Exercise
Retype the data below in full, keeping every character as it is.

====== Excerpted records

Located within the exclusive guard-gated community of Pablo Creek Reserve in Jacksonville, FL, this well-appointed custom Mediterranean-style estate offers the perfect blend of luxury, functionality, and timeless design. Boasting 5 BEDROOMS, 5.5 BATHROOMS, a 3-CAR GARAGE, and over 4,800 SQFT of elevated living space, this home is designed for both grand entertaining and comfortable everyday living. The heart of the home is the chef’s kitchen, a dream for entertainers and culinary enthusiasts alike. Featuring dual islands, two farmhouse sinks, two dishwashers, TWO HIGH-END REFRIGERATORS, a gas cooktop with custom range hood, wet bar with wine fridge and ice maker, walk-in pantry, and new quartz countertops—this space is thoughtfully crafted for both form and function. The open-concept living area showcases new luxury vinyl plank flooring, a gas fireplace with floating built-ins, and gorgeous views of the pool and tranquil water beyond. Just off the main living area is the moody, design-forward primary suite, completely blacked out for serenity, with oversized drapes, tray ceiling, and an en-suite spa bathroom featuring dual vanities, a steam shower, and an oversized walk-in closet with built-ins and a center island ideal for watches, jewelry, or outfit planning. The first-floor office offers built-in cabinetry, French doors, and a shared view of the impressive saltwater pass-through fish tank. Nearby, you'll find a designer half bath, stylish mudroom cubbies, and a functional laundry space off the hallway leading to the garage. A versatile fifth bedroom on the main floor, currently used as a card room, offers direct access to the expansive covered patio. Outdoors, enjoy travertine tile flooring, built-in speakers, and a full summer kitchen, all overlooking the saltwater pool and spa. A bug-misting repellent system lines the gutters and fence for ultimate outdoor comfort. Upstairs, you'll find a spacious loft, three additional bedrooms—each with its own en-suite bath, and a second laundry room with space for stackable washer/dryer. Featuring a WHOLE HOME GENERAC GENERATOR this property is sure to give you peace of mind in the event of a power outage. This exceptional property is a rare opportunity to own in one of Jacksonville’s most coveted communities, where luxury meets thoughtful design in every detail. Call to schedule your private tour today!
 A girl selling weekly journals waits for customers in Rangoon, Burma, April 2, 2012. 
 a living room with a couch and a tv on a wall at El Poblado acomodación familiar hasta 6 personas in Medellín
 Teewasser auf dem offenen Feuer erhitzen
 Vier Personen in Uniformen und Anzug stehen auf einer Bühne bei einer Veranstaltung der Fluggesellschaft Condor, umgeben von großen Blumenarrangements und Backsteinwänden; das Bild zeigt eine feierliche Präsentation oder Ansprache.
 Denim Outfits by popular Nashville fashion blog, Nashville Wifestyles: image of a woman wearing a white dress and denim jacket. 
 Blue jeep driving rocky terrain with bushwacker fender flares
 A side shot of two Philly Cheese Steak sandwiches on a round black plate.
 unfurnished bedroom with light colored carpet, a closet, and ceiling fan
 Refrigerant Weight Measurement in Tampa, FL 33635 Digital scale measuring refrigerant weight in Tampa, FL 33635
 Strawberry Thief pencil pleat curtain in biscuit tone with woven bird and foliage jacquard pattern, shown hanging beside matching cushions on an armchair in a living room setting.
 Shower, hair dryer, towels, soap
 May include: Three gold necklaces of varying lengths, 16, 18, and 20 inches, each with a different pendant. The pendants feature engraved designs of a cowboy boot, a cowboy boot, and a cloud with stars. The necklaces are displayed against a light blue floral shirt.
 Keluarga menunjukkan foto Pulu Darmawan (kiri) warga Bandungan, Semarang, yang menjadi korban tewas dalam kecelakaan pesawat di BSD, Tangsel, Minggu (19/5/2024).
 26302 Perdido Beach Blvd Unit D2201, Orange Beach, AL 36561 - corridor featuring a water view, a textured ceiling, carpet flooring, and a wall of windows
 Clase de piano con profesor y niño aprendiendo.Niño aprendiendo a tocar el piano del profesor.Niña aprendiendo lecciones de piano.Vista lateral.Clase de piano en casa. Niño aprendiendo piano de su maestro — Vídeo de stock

============

Response to this exercise
Located within the exclusive guard-gated community of Pablo Creek Reserve in Jacksonville, FL, this well-appointed custom Mediterranean-style estate offers the perfect blend of luxury, functionality, and timeless design. Boasting 5 BEDROOMS, 5.5 BATHROOMS, a 3-CAR GARAGE, and over 4,800 SQFT of elevated living space, this home is designed for both grand entertaining and comfortable everyday living. The heart of the home is the chef’s kitchen, a dream for entertainers and culinary enthusiasts alike. Featuring dual islands, two farmhouse sinks, two dishwashers, TWO HIGH-END REFRIGERATORS, a gas cooktop with custom range hood, wet bar with wine fridge and ice maker, walk-in pantry, and new quartz countertops—this space is thoughtfully crafted for both form and function. The open-concept living area showcases new luxury vinyl plank flooring, a gas fireplace with floating built-ins, and gorgeous views of the pool and tranquil water beyond. Just off the main living area is the moody, design-forward primary suite, completely blacked out for serenity, with oversized drapes, tray ceiling, and an en-suite spa bathroom featuring dual vanities, a steam shower, and an oversized walk-in closet with built-ins and a center island ideal for watches, jewelry, or outfit planning. The first-floor office offers built-in cabinetry, French doors, and a shared view of the impressive saltwater pass-through fish tank. Nearby, you'll find a designer half bath, stylish mudroom cubbies, and a functional laundry space off the hallway leading to the garage. A versatile fifth bedroom on the main floor, currently used as a card room, offers direct access to the expansive covered patio. Outdoors, enjoy travertine tile flooring, built-in speakers, and a full summer kitchen, all overlooking the saltwater pool and spa. A bug-misting repellent system lines the gutters and fence for ultimate outdoor comfort. Upstairs, you'll find a spacious loft, three additional bedrooms—each with its own en-suite bath, and a second laundry room with space for stackable washer/dryer. Featuring a WHOLE HOME GENERAC GENERATOR this property is sure to give you peace of mind in the event of a power outage. This exceptional property is a rare opportunity to own in one of Jacksonville’s most coveted communities, where luxury meets thoughtful design in every detail. Call to schedule your private tour today!
 A girl selling weekly journals waits for customers in Rangoon, Burma, April 2, 2012. 
 a living room with a couch and a tv on a wall at El Poblado acomodación familiar hasta 6 personas in Medellín
 Teewasser auf dem offenen Feuer erhitzen
 Vier Personen in Uniformen und Anzug stehen auf einer Bühne bei einer Veranstaltung der Fluggesellschaft Condor, umgeben von großen Blumenarrangements und Backsteinwänden; das Bild zeigt eine feierliche Präsentation oder Ansprache.
 Denim Outfits by popular Nashville fashion blog, Nashville Wifestyles: image of a woman wearing a white dress and denim jacket. 
 Blue jeep driving rocky terrain with bushwacker fender flares
 A side shot of two Philly Cheese Steak sandwiches on a round black plate.
 unfurnished bedroom with light colored carpet, a closet, and ceiling fan
 Refrigerant Weight Measurement in Tampa, FL 33635 Digital scale measuring refrigerant weight in Tampa, FL 33635
 Strawberry Thief pencil pleat curtain in biscuit tone with woven bird and foliage jacquard pattern, shown hanging beside matching cushions on an armchair in a living room setting.
 Shower, hair dryer, towels, soap
 May include: Three gold necklaces of varying lengths, 16, 18, and 20 inches, each with a different pendant. The pendants feature engraved designs of a cowboy boot, a cowboy boot, and a cloud with stars. The necklaces are displayed against a light blue floral shirt.
 Keluarga menunjukkan foto Pulu Darmawan (kiri) warga Bandungan, Semarang, yang menjadi korban tewas dalam kecelakaan pesawat di BSD, Tangsel, Minggu (19/5/2024).
 26302 Perdido Beach Blvd Unit D2201, Orange Beach, AL 36561 - corridor featuring a water view, a textured ceiling, carpet flooring, and a wall of windows
 Clase de piano con profesor y niño aprendiendo.Niño aprendiendo a tocar el piano del profesor.Niña aprendiendo lecciones de piano.Vista lateral.Clase de piano en casa. Niño aprendiendo piano de su maestro — Vídeo de stock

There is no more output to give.